■ Supplied information
Content starts

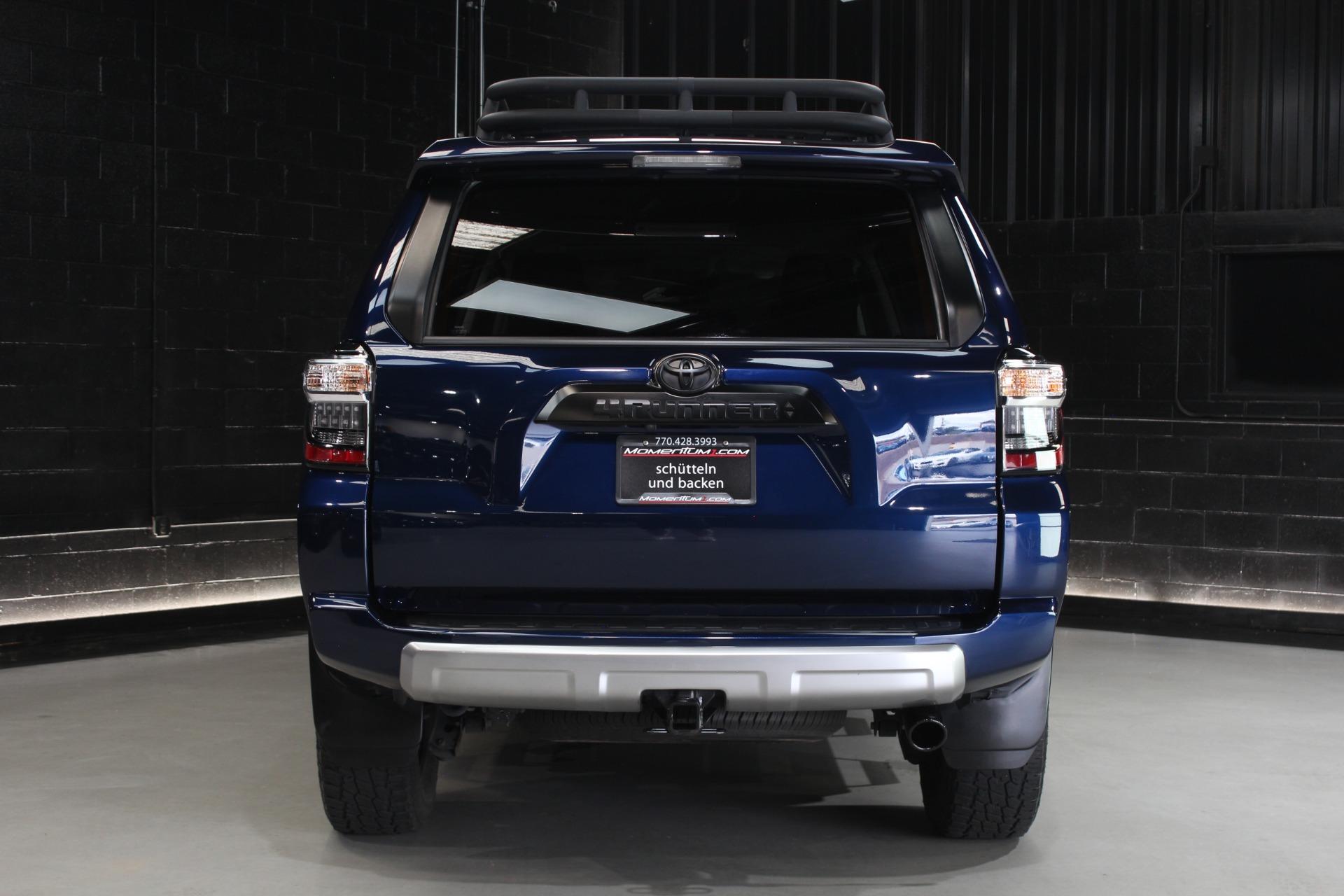 2022 Toyota 4Runner TRD Off-Road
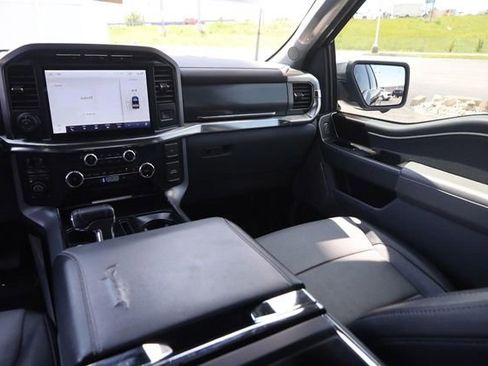 Certified 2022 Ford F150 Lariat w/ Max Trailer Tow Package AWD/4WD image 27
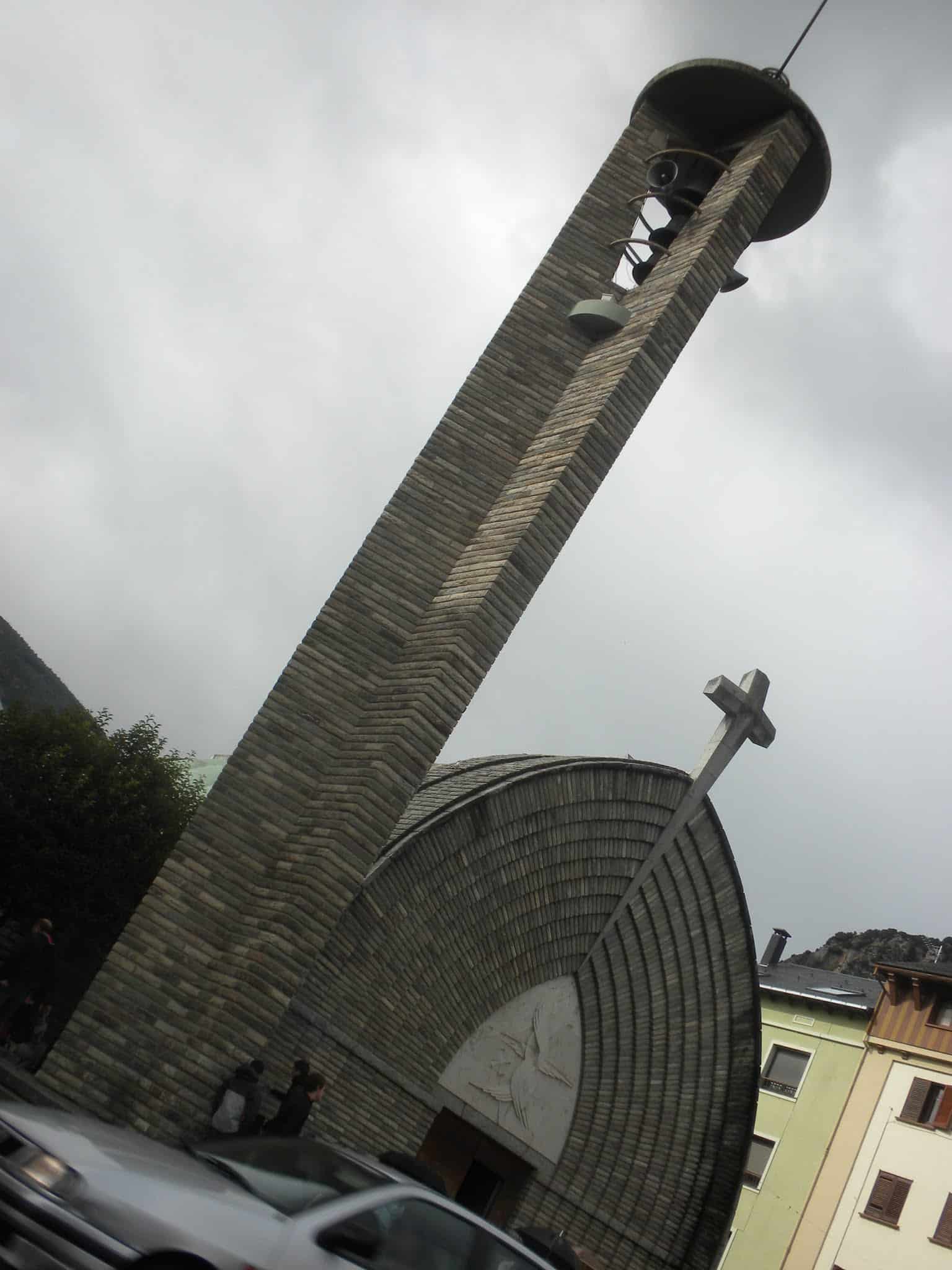 Pont de Suert, església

Content ends

When you retype the listing, keep every line exactly as it is and drop the pictures.

■ Task result
 2022 Toyota 4Runner TRD Off-Road
 Certified 2022 Ford F150 Lariat w/ Max Trailer Tow Package AWD/4WD image 27
 Pont de Suert, església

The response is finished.